▸ YOUR TASK: For the entries that follow, retype exactly the lines from the one containing "MOGOOD Adaptador USB" to the one containing "Women Skechers JGoldcrown: Uno", inclusive, and only those. Images stay out of the copy.

[Image-caption web data]
────────────────

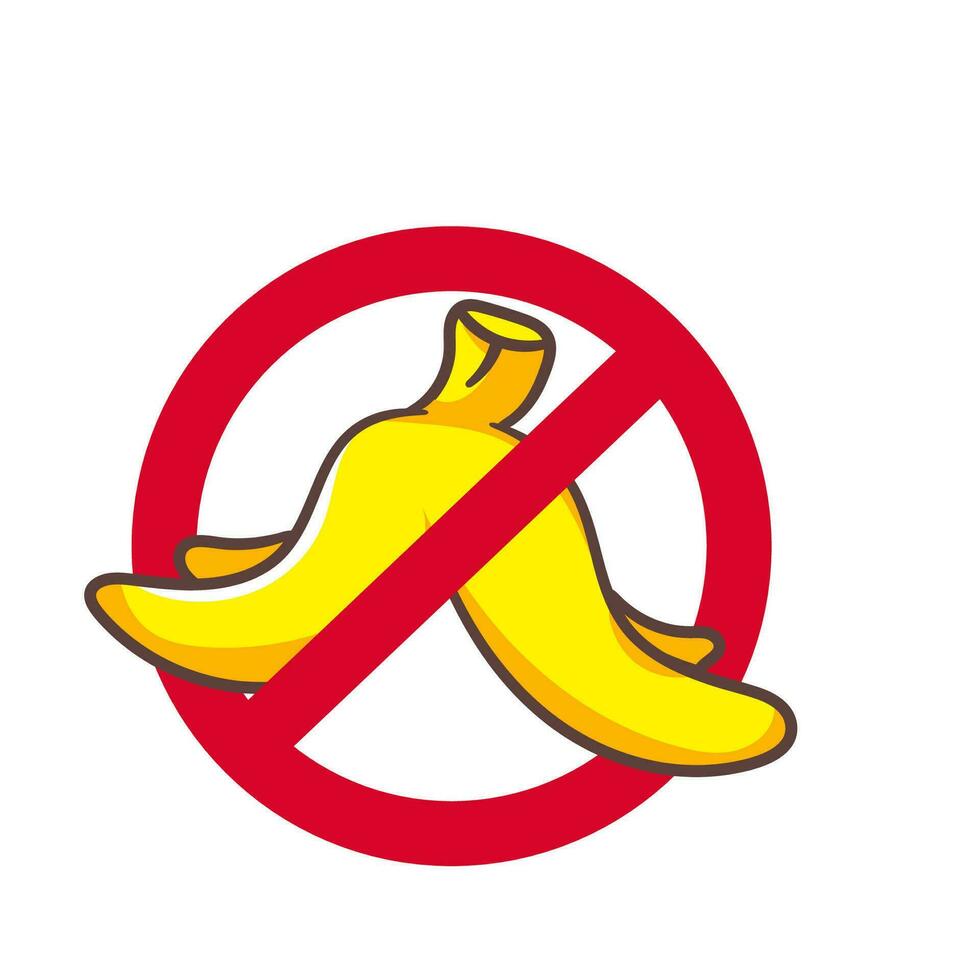 banane dessin animé avec interdit signe vecteur illustration. fruit et nourriture concept conception plat style. isolé blanc Contexte. agrafe art icône conception.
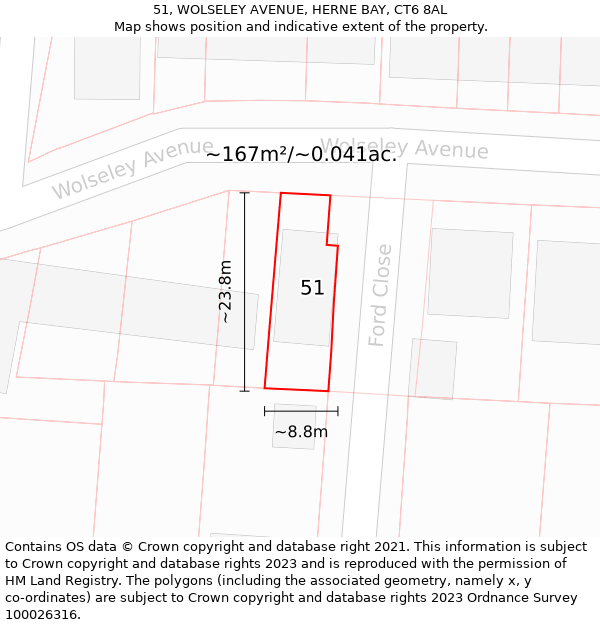 51, WOLSELEY AVENUE, HERNE BAY, CT6 8AL: Plot and title map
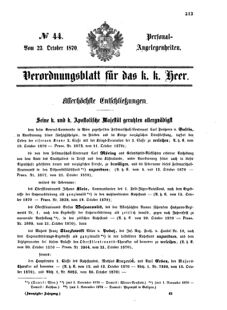 Kaiserlich-königliches Armee-Verordnungsblatt: Personal-Angelegenheiten 18701023 Seite: 1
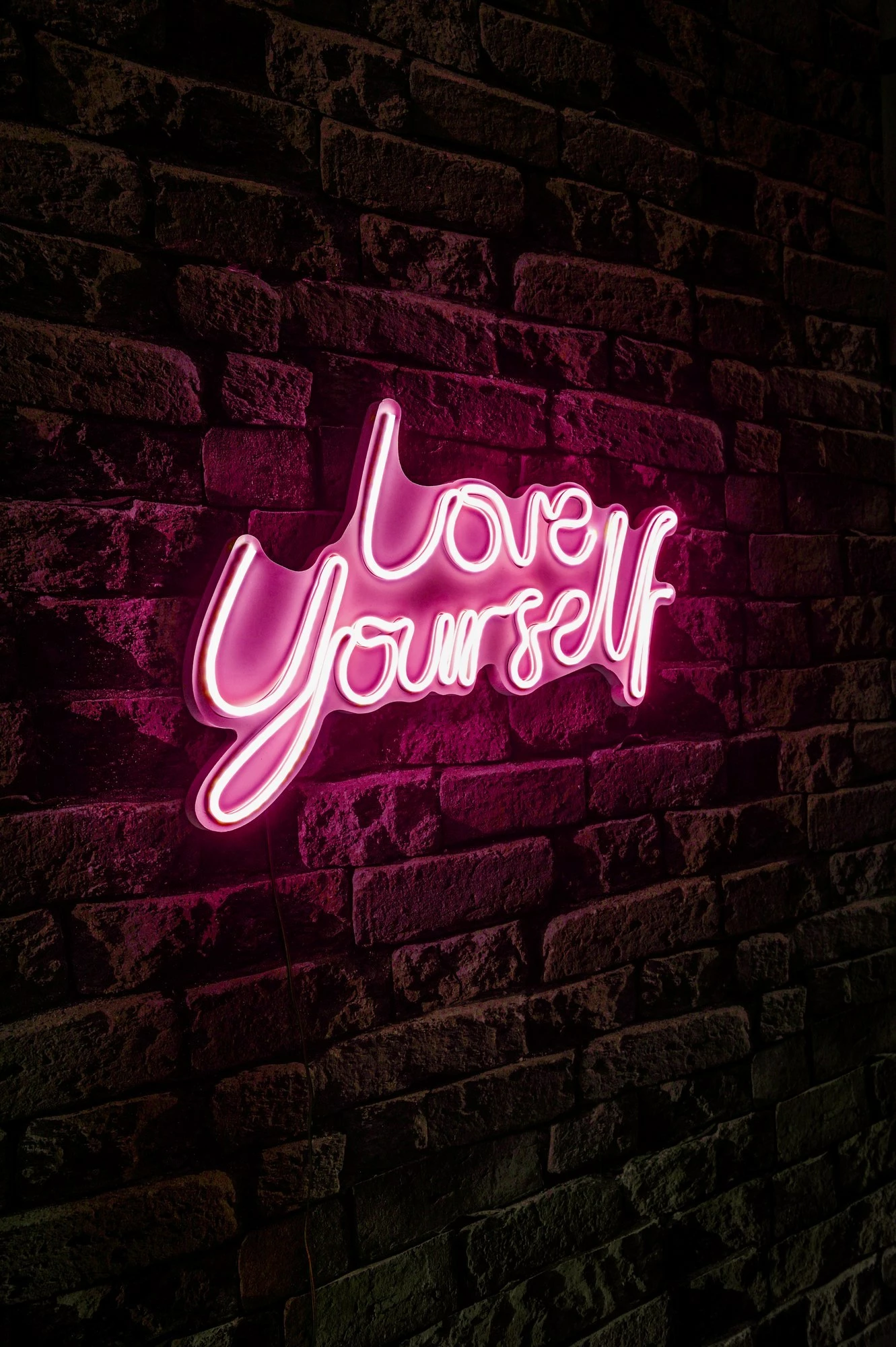 Dritë dekorative LED, plastikë, 'Love Yourself', ngjyrë rozë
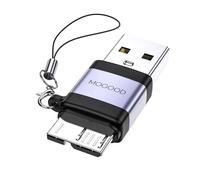 MOGOOD Adaptador USB 3.0 Macho a Micro B, Corto, Convertidor para Ordenadores, Portátiles, Discos Duros Externos (1 Pack)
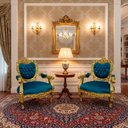 Ver imagem 2 de Par de Poltrona Verde Turquesa com Dourado Ideal para Sala Escritório Hall de Entrada 119x72x80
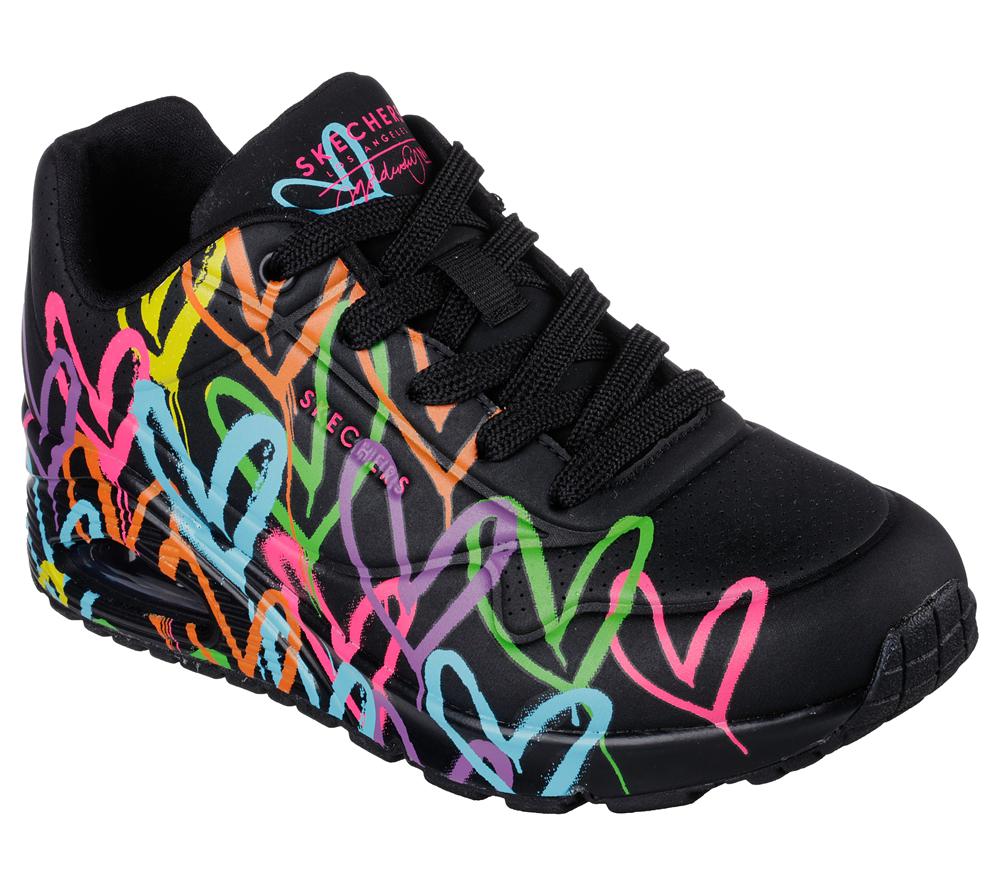 Women Skechers JGoldcrown: Uno - Highlight Love Lace Up Shoes Black / Multicolor  USA |  9230-FDTHS
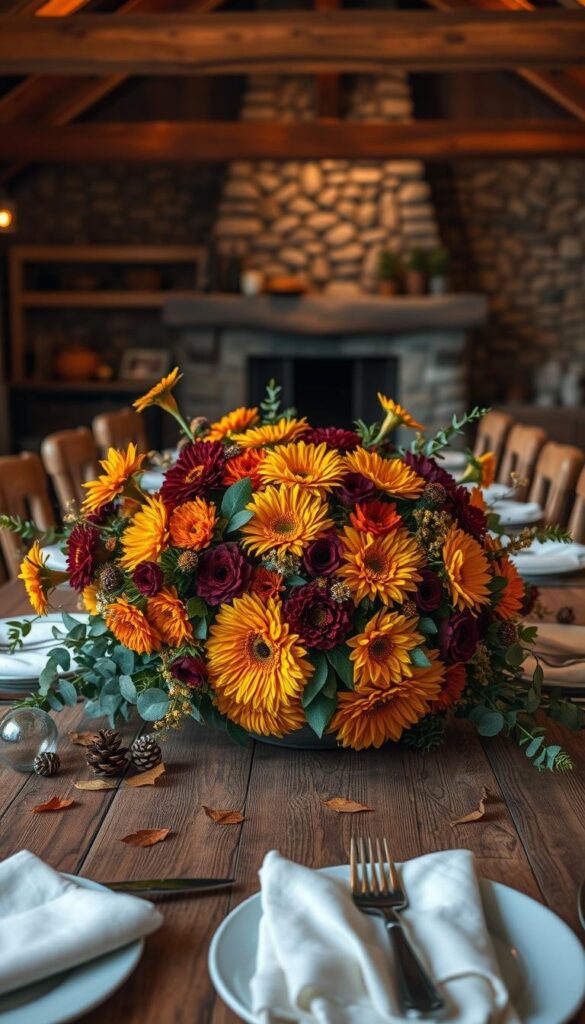 A sophisticated arrangement of autumn florals adorns a rustic wooden table, bathed in warm, soft lighting. In the foreground, a lush bouquet of chrysanthemums, dahlias, and marigolds in vibrant hues of orange, yellow, and burgundy takes center stage. Scattered around the bouquet are sprigs of eucalyptus, oak leaves, and pinecones, creating a natural, textural contrast. The middle ground features an elegant table setting, with crisp, white linen napkins and polished silver cutlery, complementing the earthy tones of the florals. In the background, a cozy, dimly lit room with exposed wooden beams and a stone fireplace sets a inviting, autumnal atmosphere. A sophisticated arrangement of autumn florals adorns a rustic wooden table, bathed in warm, soft lighting. In the foreground, a lush bouquet of chrysanthemums, dahlias, and marigolds in vibrant hues of orange, yellow, and burgundy takes center stage. Scattered around the bouquet are sprigs of eucalyptus, oak leaves, and pinecones, creating a natural, textural contrast. The middle ground features an elegant table setting, with crisp, white linen napkins and polished silver cutlery, complementing the earthy tones of the florals. In the background, a cozy, dimly lit room with exposed wooden beams and a stone fireplace sets a inviting, autumnal atmosphere.
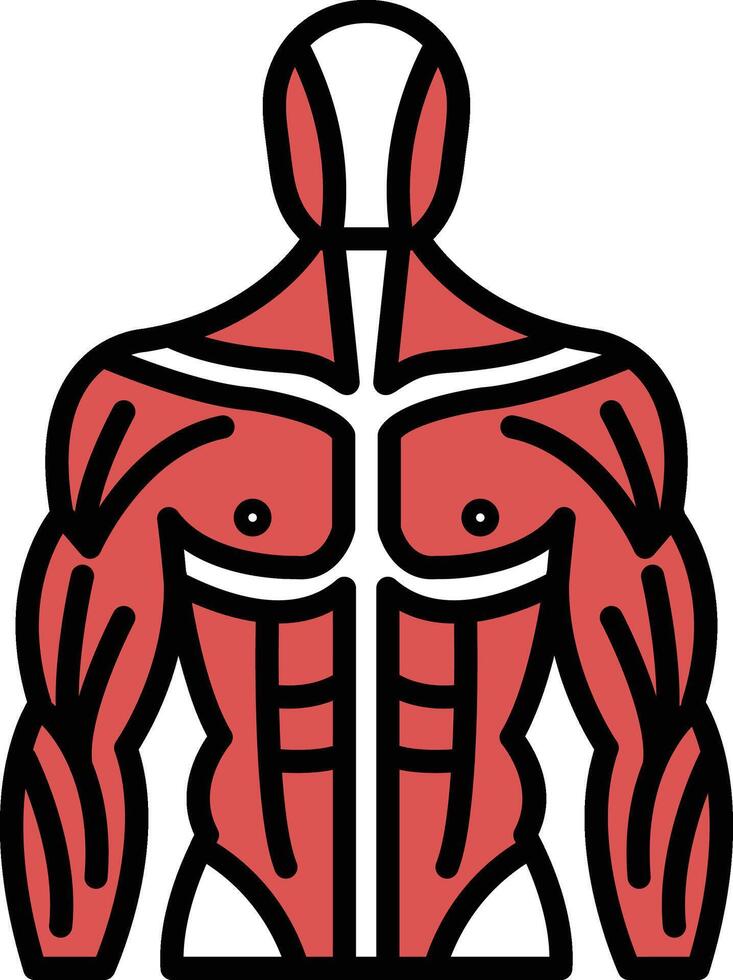 A man's body is drawn in black and white vector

────────────────

▸ TASK ANSWER:
 MOGOOD Adaptador USB 3.0 Macho a Micro B, Corto, Convertidor para Ordenadores, Portátiles, Discos Duros Externos (1 Pack)
 Ver imagem 2 de Par de Poltrona Verde Turquesa com Dourado Ideal para Sala Escritório Hall de Entrada 119x72x80
 Women Skechers JGoldcrown: Uno - Highlight Love Lace Up Shoes Black / Multicolor  USA |  9230-FDTHS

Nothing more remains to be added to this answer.